Hello James,
I have done (started) what you are doing. The system is four APC 3000 watt UPS.
Placed the UPS next to the fuse box, pulled the circuits from the panel, attached a 3 prong plug and plunged the circuits into the bank of UPS. The UPS has an auto transfer switch and battery charger built in! So far I have one of the 4 UPS connected. Need to do a little rewiring. Added four 30a circuits to power the UPS. The battery is 8 golf cart batteries. Total cost for everything $948.
If I'm careful the UPS should power the Fridge, lighting, small TV, and well pump for 2 days, 4 days if willing to kill the battery. Not good to discharge below 50%-80% You can find lots of advice on this issue.
When the power fails, the lights flicker, everything continues to run! The electric oven is not on it.

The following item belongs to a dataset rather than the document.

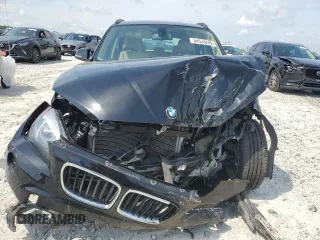 2015 BMW X1 sDrive28i z VIN WBAVM1C52FVZ94506, wystawiony jako Copart lot #54533295 z przebiegiem 71 658 mil mil oraz Szkody całkowita. Historia ofert i sprzedaży dostępna na DreamBid. Obrazek 5.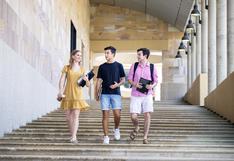 Estudiar becado en Australia: ¿Qué beneficios nos ofrecen dos de sus universidades más importantes?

Nice feature of the UPS is I can control them from a computer. Plan is to have the SETI computers go down after 5 minutes, The UPS can tell the computers to shut down cleanly. Then the UPS shuts down. The UPS are left beeping, so I know the power is down (can shut it off). After 10 minutes two more UPS shut down. A laptop is controlling the final UPS. If the loads are not removed after 15 minutes the UPS decides nobody is home and shuts it off. The final UPS has the fridge on it. The fridge can ride out 24 hr without power. If on vacation, everything should be off, so the fridge should be able to run for several days as the only load. UPS shuts down only on dead battery. Food in fridge is not worth the cost of a new battery... Plan is to use my car to recharge battery during an extended power outage. Not very efficient, considering a generator. In twenty years, longest power outage was 2.5 days.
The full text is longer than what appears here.